Making Steel Pay Its Way at the New USX

July 15, 1986|JAMES FLANIGAN

United States Steel Corp., one of American industry's most perplexing and yet fascinating companies, and its controversial chairman, David M. Roderick, are at it again.

Last week, U.S. Steel announced that it was changing its name to USX Corp. and making the steel business, on which the corporation was founded 85 years ago, one of four separate divisions in a new holding company structure.

Roderick, who has led the company since 1979, explained that he made the move to force the steel business to pay its own bills, finance its own modernization. "Over the past five years, the steel division has been a major cost to the corporation," he said.

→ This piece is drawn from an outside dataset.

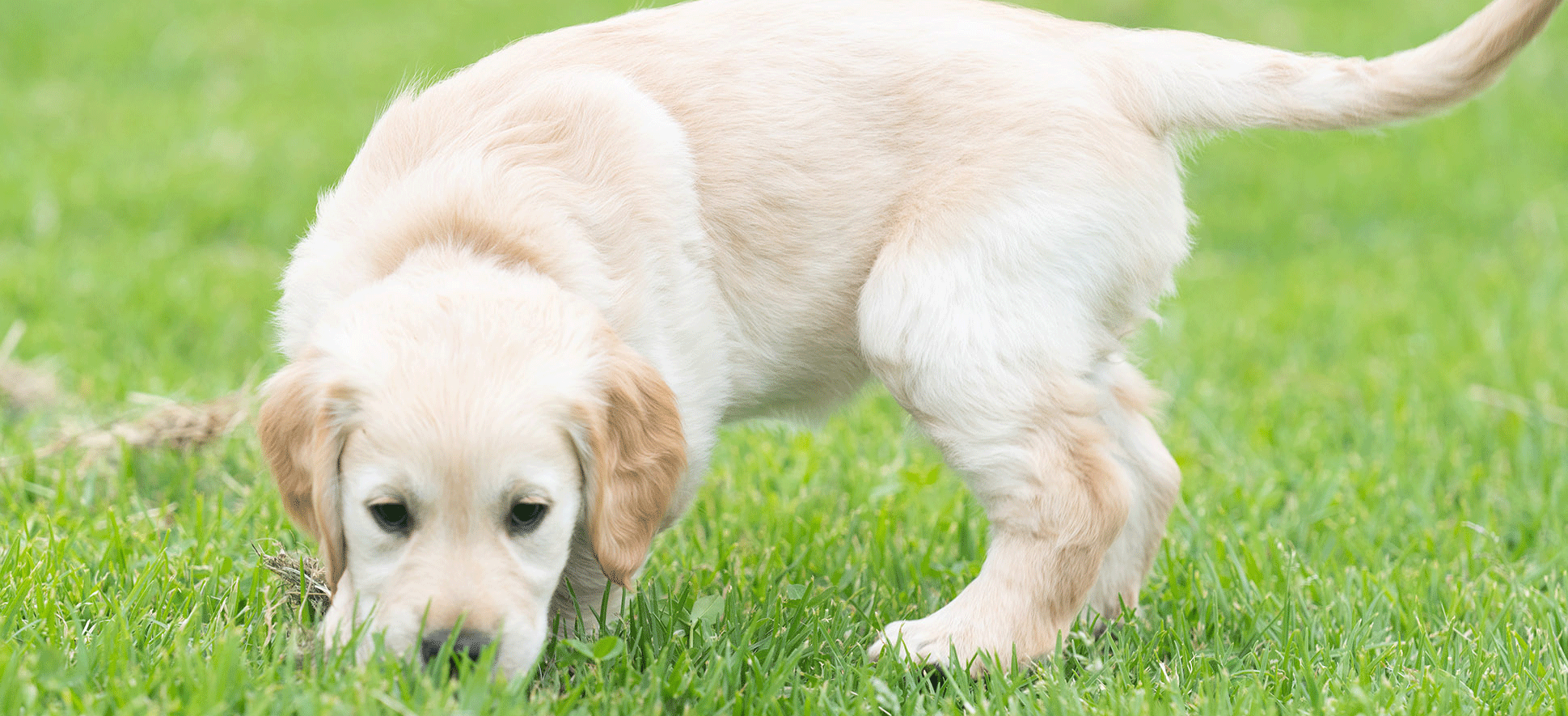 Yellow Puppy sniffing grass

U.S. Steel in March released a study by the Price Waterhouse accounting firm showing that if steel operations had been independent since 1980, they would have shown pretax losses of $2.4 billion.

The reason such figures never appeared in a U.S. Steel annual report was that some steel costs were absorbed by other company operations, such as oil and gas, chemicals and engineering.

Entire Industry in Trouble

Which is interesting, no doubt. But the point is a little unclear. Nobody doubts that the steel business has been in trouble, at this company as at every other. Roderick, after all, has closed down more than 150 plants and laid off about 100,000 people in an attempt to shrink Big Steel's operations to a size at which they can be profitable.

Last year, steel accounted for one-third of U.S. Steel's $19.3 billion in sales and 2% of its pretax income--the bulk of the profit coming from oil and gas.

But that was the way Roderick planned it in 1982, when he acquired Marathon Oil for $5.9 billion. Oil would provide the cash flow to see the company through the wrenching transitions in steel, an industry with massive worldwide overcapacity in which American producers--even with an assist from import quotas--managed to ship only 69% of their capability last year.

Roderick was roundly criticized for putting money into oil instead of steel at the time of the Marathon acquisition. But lately even Lynn Williams, president of the United Steelworkers, compliments him for it. "The Marathon purchase enabled them to do some things in terms of modernizing steel plants that companies which are entirely in steel have trouble doing," Williams said in a recent interview in Inc. magazine.

Short-Term Tactics

Roderick also, in his annual reports, has been telling shareholders of the "revitalization of our steel sector."

So why make this big deal about steel now? The short-term reason is tactical. USX wants to show Williams how troubled the business is because it wants steep wage and work rule concessions in labor contract negotiations this month. The union wants improved job security, and both sides seem prepared for a strike when the old three-year contract expires July 31.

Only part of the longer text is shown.